Moore Notes 9 04 12

From OpenWetWare
Jump to navigationJump to search

ISEEM2 Group call for September 4, 2012

  • Participants:
    • Jonathan
    • Guillaume
    • Tom
    • Stephen
    • Josh
  • Stephen's discussion of his work
    • Conducted statistical simulation to see how well SFams recover metagenomic homologs
    • Two search strategies:
      • 1. Classify a set of sequences (a sample) into families across the database. When using top hit, what is accuracy and fidelity of classification. Not much work on this subject
      • 2. Classify a set of sequences into a particular family (e.g., transporters). In past, profiles have been show to detect remote homologs better than pairwise methods. Not using just best hit, but anything above a particular evalue threshold.
    • Stephen has mostly focused on #1 as it's most relevant to our current work. Four major aims:
      • How well are sequences classified into source families for different sequencing technologies
      • What parameters optimize classification
      • How does PD influence classificaiton
      • Compare pairwise (BLAST) versus profile (HMMER) methods
    • Developed a simulation pipeline. Randomly sampled 1000 SFams without replacement, 100 sequences from each SFam with replacement. Simulates intergenic sequence using randomly nucleotides. Grinder simulates reads with parameters to simulate various sequencing technologies (Illumina, 454, Sanger). Conducts leave-one-out analysis and then searches all reads against all families.

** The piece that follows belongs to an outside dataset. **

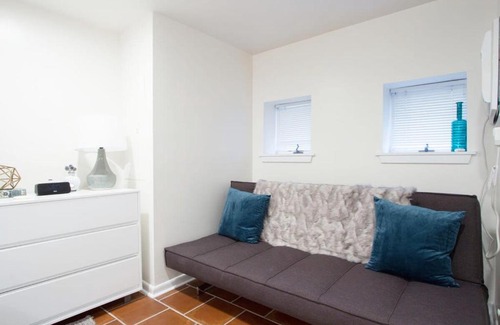 Logan Circle Appartement | WELL-EQUIPPED STUDIO APT - WALK TO METRO SUBWAY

    • JAE: might need to optimize thresholds for families depending on their conservation. For TIGR, set cutoffs family by family. Might be able bin families by PD and set thresholds based on PD-bin. Might need to simulate per family.
    • For search strategy #1, he finds that the recall of classification shifts towards the right (1.0) as read length increases. Distributions are almost identical between BLAST and HMM (no sig. difference). The low recall for Illumina is due to reads not being classified. It is not due to misclassification.

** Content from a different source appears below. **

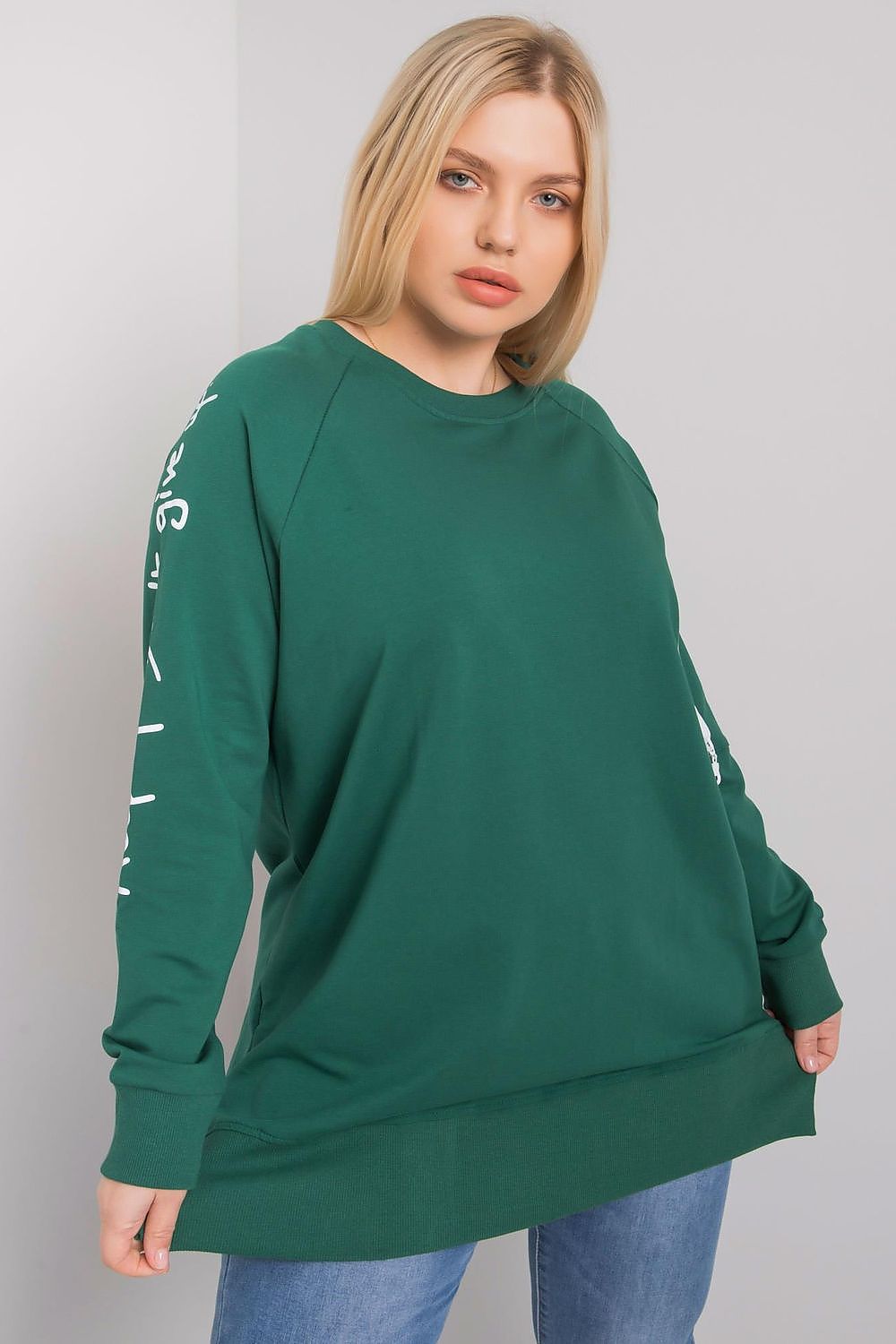 Sweatshirt model 160047 Relevance - Trendyglobal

    • For same strategy, almost all families have perfect precision. Slightly less precise for HMMER, though it's complicated by evalue. Not much of a shift, but it might be significant.
    • What is the optimal threshold for classifying reads into families? Comparing evalue and coverage finds that evalue has a strong effect on recall whereas coverage tuning doesn't. For long reads, however, tuning evalue has less of an effect and tuning coverage has a much larger effect. Regarding precision, coverage is an important variable for full length precision. For simulated metagenomic sequences, this doesn't seem to be the case.
    • What is going on with coverage? Two answers:
      • (1) Intergenic sequence and
      • (2) Frameshift errors
      • Unless you can strip intergenic sequence
      • Do we need smarter annotation? Frameshifts and introns can create big problems for (meta)genomic annotation, but unclear how much benefit we'd get. So long as we get real results, it's less important that we miss part of the sequence.
    • Finds that BLAST detects remote homologs better than HMMER. Specifically, the True Classification Rate is higher at low PD for HMMER and higher at high PD for BLAST.
      • One possibility is that HMMs are not so good when a family's diversity is very high. Families with high PD may not do a great job at representing a sequence.
  • Dongying
    • How can we group SFams according to their functions? Certain families may be part of biological pathways. They may also be subunits of big proteins.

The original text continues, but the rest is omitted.